Bana, ''BEN''im çocuklarıma, aile bireylerime, yandaşlarıma, yağcılarıma her türlü eleştiri yasaktır! Eleştiri yapan, yaptığı farz edilen, yapmayı düşündüğü düşünülen, şahıslar, sanatçılar,'' Sivil Toplum Kuruluşları'' denen ne idüğü belirsiz şeylerin yöneticileri, Siyasi Parti Temsilcileri, bilhassa da gazeteler ve gazeteciler ile TV'ler, bağlı birliklerimiz tarafından baskınlarla yola getirileceklerdir!

Tüm içki içenler, sağ yanaklarına vurulacak ''rakı şişesi'' şeklinde bir damga ile işaretlenecektir. İçki içtiği halde BANA oy verenler bu işlemden muaftır.   Kadıköy vapurundan kısa kollu elbiseler, diz üstünde eteklerle çıkan hatun kişiler canımı sıktığından, Kadıköy vapurunun Beşiktaş iskelesine yanaşması yasaklanmıştır!

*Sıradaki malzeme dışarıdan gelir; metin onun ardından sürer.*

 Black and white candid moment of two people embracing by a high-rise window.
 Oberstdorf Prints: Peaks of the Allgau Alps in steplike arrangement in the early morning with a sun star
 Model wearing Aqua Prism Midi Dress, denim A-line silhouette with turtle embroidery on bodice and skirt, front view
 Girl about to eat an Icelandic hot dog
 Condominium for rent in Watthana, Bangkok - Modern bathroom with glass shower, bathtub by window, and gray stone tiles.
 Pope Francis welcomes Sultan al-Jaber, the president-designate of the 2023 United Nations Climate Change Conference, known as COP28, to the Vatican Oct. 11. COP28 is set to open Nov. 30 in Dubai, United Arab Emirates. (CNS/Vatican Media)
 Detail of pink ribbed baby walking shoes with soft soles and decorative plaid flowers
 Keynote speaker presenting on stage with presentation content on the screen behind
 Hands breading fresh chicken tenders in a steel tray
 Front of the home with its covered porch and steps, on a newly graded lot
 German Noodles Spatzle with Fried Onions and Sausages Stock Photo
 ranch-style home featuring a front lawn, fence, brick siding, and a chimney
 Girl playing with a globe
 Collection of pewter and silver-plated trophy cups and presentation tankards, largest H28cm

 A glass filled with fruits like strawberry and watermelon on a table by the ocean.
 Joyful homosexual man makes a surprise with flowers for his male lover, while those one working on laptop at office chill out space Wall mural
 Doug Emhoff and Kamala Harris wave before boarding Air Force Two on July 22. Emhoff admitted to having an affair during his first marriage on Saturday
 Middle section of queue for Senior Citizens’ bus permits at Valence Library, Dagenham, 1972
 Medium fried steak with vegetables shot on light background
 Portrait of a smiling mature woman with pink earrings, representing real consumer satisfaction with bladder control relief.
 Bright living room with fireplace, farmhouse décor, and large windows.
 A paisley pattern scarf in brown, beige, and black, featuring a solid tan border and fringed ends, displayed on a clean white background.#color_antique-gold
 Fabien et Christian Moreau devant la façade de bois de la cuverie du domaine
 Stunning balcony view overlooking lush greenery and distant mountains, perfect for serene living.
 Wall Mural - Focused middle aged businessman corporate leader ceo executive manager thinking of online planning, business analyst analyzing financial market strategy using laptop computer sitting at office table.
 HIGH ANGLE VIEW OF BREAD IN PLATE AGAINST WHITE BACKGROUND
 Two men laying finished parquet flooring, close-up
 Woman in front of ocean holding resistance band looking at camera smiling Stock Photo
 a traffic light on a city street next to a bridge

Koyu esmer tenli olmak yasaktır! Bu nedenle herkes yüzüne pudra sürecek, saçlarını oksijenle açacaktır. Çekik gözlü olmak ta ikinci bir emre kadar yasaklanmıştır. Bu emirlere uymayanlar, Ülkü Ocakları ve Osmanlı Ocakları ''baltacıları'' tarafından, gereğince cezalandırılacaklardır.
''Yeni Osmanlılar!''

''AKP'li kullarım!''
''BANA'' bendeliğini ilan etmiş Şems'lerim!''
Artık hürsünüz! 23 Nisan'da Başbakanlık koltuğuna oturan çocuğa söylediğim gibi, ''ister asarsınız, ister kesersiniz.'' Doğuda yol kesip kimlik kontrolü yapan, beğenmediklerini kaçıran PKK'lı teröristlerden sizin neyiniz eksik. Siz de Doğuya giden otobüsleri basıp, doğum yerini beğenmediğiniz esmer vatandaşları serbestçe dövebilirsiniz.
İsterseniz ''BANA'' muhalefet eden partilerin, (MHP hariç. O mahsusçuktan yapıyor. Zor günlerimde yanımda) Genel Merkezlerini, İl Binalarını yakıp, yıkıp, yağmalayabilirsiniz. Emrimdeki kolluk kuvvetleri, bu eylemleriniz sırasında bir zarar görmemeniz için gerekli önlemleri alacak, sizin bu özgürlüğünüze halel getirmeyecektir.
''Ey Türkiye'nin geri kalanları!''

''Oylarını, bir çuval kömür, iki paket makarna alıp ''BANA'' verenler!''
''Emekçiler, emekliler, dullar, yetimler!''
Türkiye'nin bu yeni yönetim sisteminde sizler de alabildiğine hürsünüz. ''BEN''im münasip gördüğüm aylıklarla geçinerek, benim layık gördüğüm biçimde eğitim ve sağlık hizmeti alarak ister yaşarsınız, ister ölürsünüz, ister sürünürsünüz. Size kimse karışamaz. Siz bakmayın Kılıçdaroğlu'nun ''bayramlarda ikramiye'', ''maaşlara zam'' sözlerine. O'nu bu işlere karıştırmayız.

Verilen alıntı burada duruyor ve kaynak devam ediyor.